Justine CassellMobile networks and embedded processors increasingly allow computation to suffuse all of the spaces in which we work and play. These smart environments and intelligent rooms will put at our disposal a vastly expanded inventory of information, without requiring us to learn special command languages to access data. The designers of such "invisible computers" describe them as ways for people to interact with computation "as they interact with another person".
Media Lab, MIT
In this talk, however, I will agree with Harry Potter that one should "never trust anything that can think for itself, if you can't see where it keeps its brain". I'll argue that humans need to locate intelligence, and that this need poses problems for the invisible computer. Bodies are the best possible example of located intelligence, of course. When people talk to one another face-to-face to accomplish real-world tasks, they recruit and rely on a range of behaviors, complementing strings of words with appropriate intonation and movements of the eyes, face, hands and body, and they make extensive use of the real-world environment around them, in a joint effort to maintain a shared understanding of one another's contributions to the conversation and to the ongoing task.
In integrating these properties and insights about human conversation into the design of human - computer interfaces, I have developed a computational model called the FMBT model (pronounced fembot) with several key properties:
(a) the system-internal representation of the world and of information is modality-free, but can be conveyed via any one of several modalities (speech, intonation, posture, hand gesture, facial display) (b) the functions of the system are modality-free, but can be realized in any one of a number of different surface behaviors in a number of different modalities (c) the representations of conversation are not all symbolic, as cultural and social conventions cannot all be captured in logical form (d) co-occurrences of surface-level behaviors carry meaning, over that carried by each of the constituent behaviors (e) There are syntactic and semantic/pragmatic rules to describe the interrelationship between different modalities.

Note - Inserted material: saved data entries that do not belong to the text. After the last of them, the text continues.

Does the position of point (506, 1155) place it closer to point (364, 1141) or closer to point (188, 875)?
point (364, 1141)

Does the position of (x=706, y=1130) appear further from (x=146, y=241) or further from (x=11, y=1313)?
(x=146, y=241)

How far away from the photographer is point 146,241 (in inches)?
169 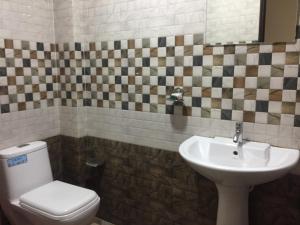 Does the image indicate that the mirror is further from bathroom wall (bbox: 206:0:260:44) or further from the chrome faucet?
the chrome faucet

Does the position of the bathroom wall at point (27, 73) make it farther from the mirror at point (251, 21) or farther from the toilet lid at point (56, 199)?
the mirror at point (251, 21)

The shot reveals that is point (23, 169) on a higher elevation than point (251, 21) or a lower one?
lower

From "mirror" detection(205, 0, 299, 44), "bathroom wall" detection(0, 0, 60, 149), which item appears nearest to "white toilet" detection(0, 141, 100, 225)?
"bathroom wall" detection(0, 0, 60, 149)

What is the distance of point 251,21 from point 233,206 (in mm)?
998

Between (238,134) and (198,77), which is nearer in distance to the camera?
(238,134)

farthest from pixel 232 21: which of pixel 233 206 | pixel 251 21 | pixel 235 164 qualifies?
pixel 233 206

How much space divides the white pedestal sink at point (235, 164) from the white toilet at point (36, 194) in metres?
0.76

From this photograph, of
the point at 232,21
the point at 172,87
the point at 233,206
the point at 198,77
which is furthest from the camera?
the point at 172,87

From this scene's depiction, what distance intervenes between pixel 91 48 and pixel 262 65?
1240 millimetres

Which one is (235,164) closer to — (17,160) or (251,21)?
(251,21)

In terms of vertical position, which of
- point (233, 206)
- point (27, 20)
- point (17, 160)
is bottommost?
point (233, 206)

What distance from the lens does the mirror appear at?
130 cm

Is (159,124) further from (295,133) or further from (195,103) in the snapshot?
(295,133)

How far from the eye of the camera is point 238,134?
143 cm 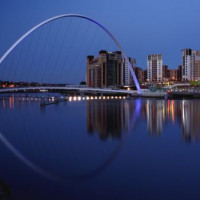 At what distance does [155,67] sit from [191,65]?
14639mm

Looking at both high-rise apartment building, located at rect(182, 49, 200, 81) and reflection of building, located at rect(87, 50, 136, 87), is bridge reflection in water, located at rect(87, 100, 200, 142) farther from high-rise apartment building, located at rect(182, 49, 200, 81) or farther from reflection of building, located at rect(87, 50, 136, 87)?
high-rise apartment building, located at rect(182, 49, 200, 81)

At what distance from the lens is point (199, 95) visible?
4800cm

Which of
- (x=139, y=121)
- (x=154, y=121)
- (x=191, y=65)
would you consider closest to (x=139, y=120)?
(x=139, y=121)

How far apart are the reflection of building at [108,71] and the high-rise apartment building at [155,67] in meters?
21.1

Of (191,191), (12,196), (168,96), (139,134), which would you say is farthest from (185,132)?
(168,96)

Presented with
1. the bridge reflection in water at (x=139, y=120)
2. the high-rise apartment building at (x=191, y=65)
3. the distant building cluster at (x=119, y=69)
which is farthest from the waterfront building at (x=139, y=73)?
the bridge reflection in water at (x=139, y=120)

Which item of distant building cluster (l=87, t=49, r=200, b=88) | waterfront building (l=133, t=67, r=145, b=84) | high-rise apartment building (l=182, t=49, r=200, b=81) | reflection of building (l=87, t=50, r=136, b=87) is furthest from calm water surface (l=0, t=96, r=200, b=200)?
waterfront building (l=133, t=67, r=145, b=84)

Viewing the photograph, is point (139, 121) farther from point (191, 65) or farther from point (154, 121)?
point (191, 65)

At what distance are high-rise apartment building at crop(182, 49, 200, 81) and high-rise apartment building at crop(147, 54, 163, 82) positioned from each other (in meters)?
10.1

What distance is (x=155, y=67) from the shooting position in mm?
123750

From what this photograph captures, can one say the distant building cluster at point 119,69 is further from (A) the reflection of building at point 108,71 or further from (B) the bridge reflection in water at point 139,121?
(B) the bridge reflection in water at point 139,121

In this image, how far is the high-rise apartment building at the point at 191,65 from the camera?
115438 mm

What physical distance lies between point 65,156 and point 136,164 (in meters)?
1.86

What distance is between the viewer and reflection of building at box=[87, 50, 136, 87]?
325 ft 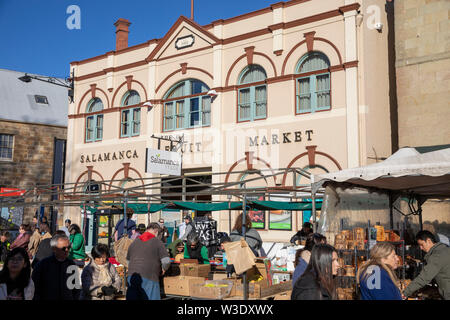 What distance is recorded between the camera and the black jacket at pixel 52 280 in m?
5.89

I will demonstrate the FMBT model with a series of interactive systems my students and I have implemented, including embodied conversational agents, online avatars, story listening systems for children, and some new work on embodied behaviors to evoke user trust, and on "shared reality" -- a paradigm in which human and computer share a real physical space within which to make hand gestures, facial displays and body movements, and share real physical objects that can be passed back and forth between the real and virtual world.
But, at a more fundamental level, I will claim that neither embodied systems nor invisible computers will ever succeed unless we understand the "affordances" of the body -- that is, how the body works in face-to-face dialogue, in situating intelligence.